Despite what Bettis was doing outside of school he was making a name for himself on the football field. At just five foot ten inches, Bettis weighed well over 200 pounds, making him one of the biggest full backs in the state. Recruiters flocked from all over to see Bettis play hoping he would attend their school. Bettis lettered three times in football and was the team captain his junior and senior season. Rushing for 1,355 yards his senior season and scoring fourteen touchdowns, Bettis was bound for division one college football. He also averaged fifteen tackles a game as an inside linebacker (Granholm 1).
Football was a ticket to college for Bettis because his parents could not afford it. Soon after earning the Circle of Champions Michigan Player of the Year award his senior season, big schools were knocking at his door (Marino 1). He was also named one of the top-100 high school seniors in the country by USA Today and was awarded a spot on the All-American team. A tough decision lay ahead for Bettis as to where he was going to play division one football. Bettis signed a scholarship to play fullback for Coach Lou Holtz at the University of Notre Dame in Indiana (Jenkins 1).
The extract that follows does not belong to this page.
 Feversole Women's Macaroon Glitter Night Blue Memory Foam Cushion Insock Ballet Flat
As a freshman, Bettis played the role of the backup fullback playing in eleven games, but only gaining 115 yards on fifteen carries. He impressed the coaches with his mental focus and ability to hold on to the football. After three successful years at Notre Dame, Bettis ran the ball 337 times for 1,912 yards, compiling a total of twenty seven touchdowns. He had thirty two receptions for 429 yards, averaging thirteen yards per reception. The last game of his college career was a success when he ran for seventy five yards on twenty carries against Texas A&M in the Cotton Bowl (Marino 1).
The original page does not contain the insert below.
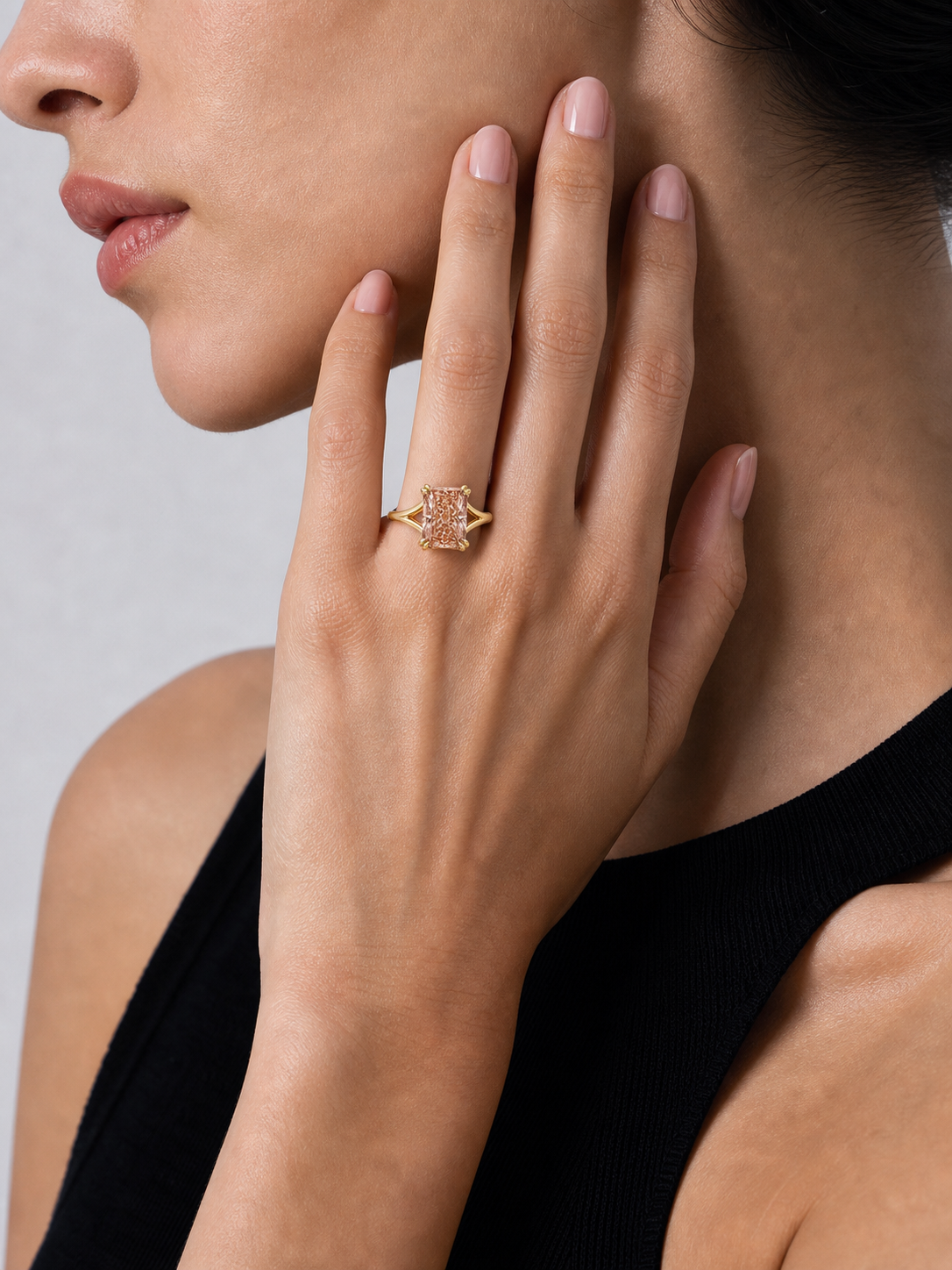 Brown-Pink Radiant Cut Lab Grown Diamond Ring in 14K Yellow Gold thumbnail 3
After his junior season in 1993, Bettis left Notre Dame so he could enter the National Football League Draft. He was the tenth pick in the first round and was drafted by the Los Angeles Rams. His rookie season was a success; Bettis became one of only eight rookie running backs to rush for 200 yards in a single game. Rushing for 1,429 yards that season, Bettis lacked only fifty seven yards to achieve the rushing title (Marino 1). Given the title of Rookie of the Year by Pro Football Weekly, The Sporting News, and the Pro Football Writers Association, Bettis was now a part of the National Football League scene. Making the Pro Bowl that season added to the astonishing success Bettis received in just one year (Granholm 1).
Becoming only one of two football players in Ram’s history, Bettis made the Pro Bowl again in 1994 for the second consecutive year. After his 1994 season Bettis ranked fifth in the National Football League for total yardage. He was one of four offensive players to start all sixteen games for the Rams (Marino 1). Unfortunately for Bettis the Rams relocated to St. Louis in 1995. This change of atmosphere caused Bettis to leave his professional career and return to Notre Dame, where he hoped to receive a college degree. Taking a full load of classes, Bettis knew this was something he had to get through to receive his degree. However the National Football League was not ready to see Bettis retire (Jenkins 1).
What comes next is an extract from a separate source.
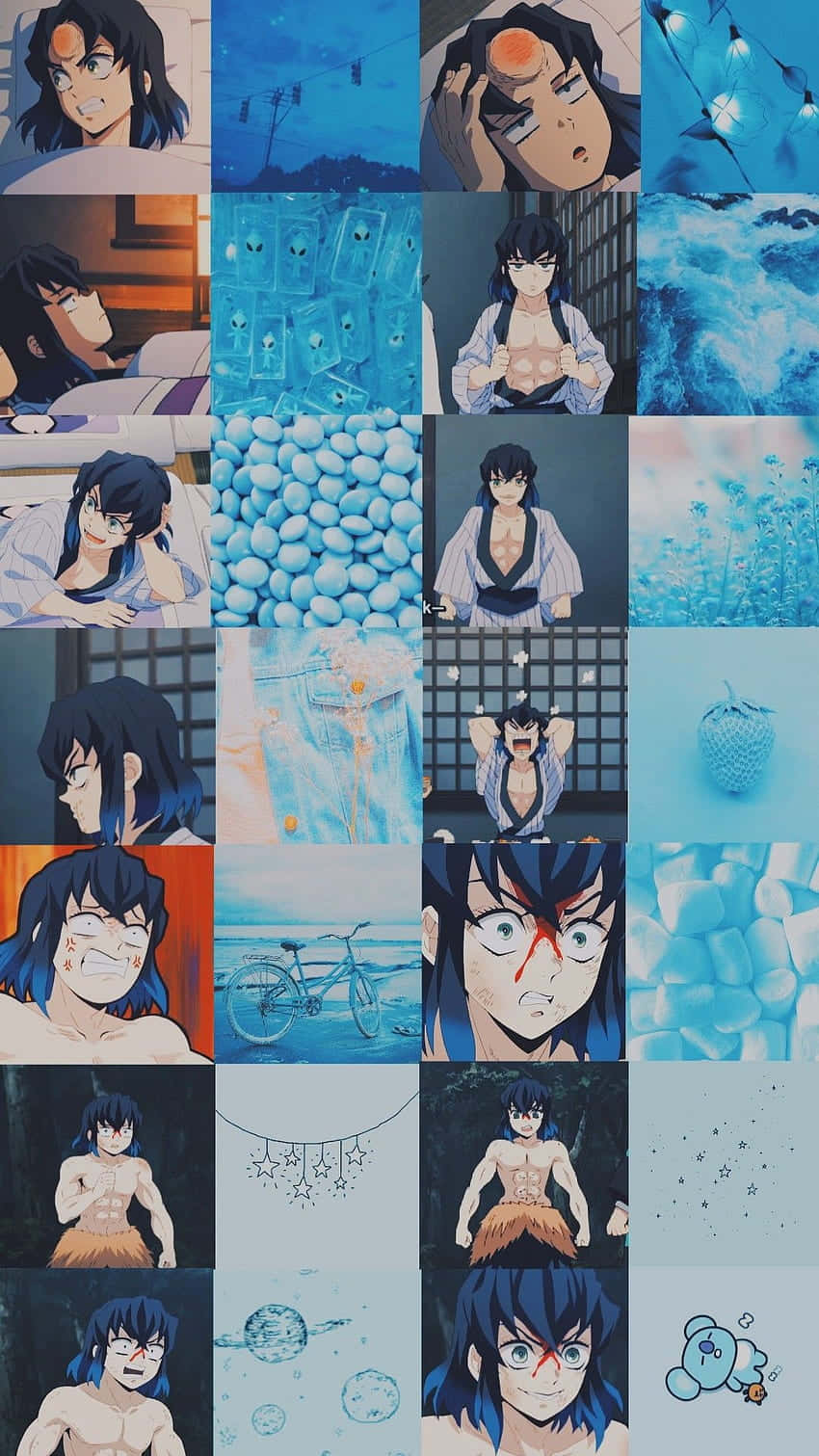 Inosuke Blue Aesthetic Collage Wallpaper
Halfway through the semester Notre Dame coach Lou Holtz was contacted by Pittsburgh Steelers coach Bill Cowher. He informed Holtz that the Steelers were interested in trading for Bettis (Jenkins 1). Bettis was traded to the Pittsburgh Steelers on draft day in 1996 and it was just what Bettis needed to revive his career. Once again Bettis was nicknamed the “Bus” by the Pittsburgh Steeler fans, due to how enormous he was. Just after one year with Steelers, Bettis was already ranked third best in the National Football League. That year Bettis was named Steelers Most Valuable Player, All-Pro by College & Pro Football Weekly, and All-Conference by Football Digest (Marino 1). With all of the accolades Bettis received that year, he proved that he was one of the league’s premier running backs.
Although in 1997 Bettis suffered from a severe asthma attack during a nationally televised game. “The fact is I was fighting for my breath and I almost died. It was the most frightening experience I’ve ever had, but it also served as a turning point in my life,” Bettis says in an article written by Reed Moran. After his experience, Bettis helped form the Asthma All-Stars Program (AASP). The goal of this organization is to show people with asthma that they can live without limits, but they need to consult a doctor about an asthma action plan (Moran 1).
Bettis was quick to recover and was named Most Valuable Player by the Steelers for the second year in a row. That same year Bettis was named to his fourth Pro Bowl, this was his second as a Steeler (Marino 2). Carrying the ball 375 times that season gathering a total of 1,665 yards, he was just twenty six yards short of the team record for most yards in a single season. Ranking third in the National Football League, Bettis led his team to a divisional playoff game and a successful season (Dvorchak 1).
Football was not the only thing Bettis did; he kept himself busy off the field as well. That same year he created his own full service sports marketing firm. This launched his own line of clothing, it helped manage some of his endorsements, and it helped create his award-winning website thebus36.com (Marino 2). It was easy for advertisers to be drawn to Bettis because of all his success. Companies such as Nike, Ford, and EA Sports became some of Bettis’s main sponsors.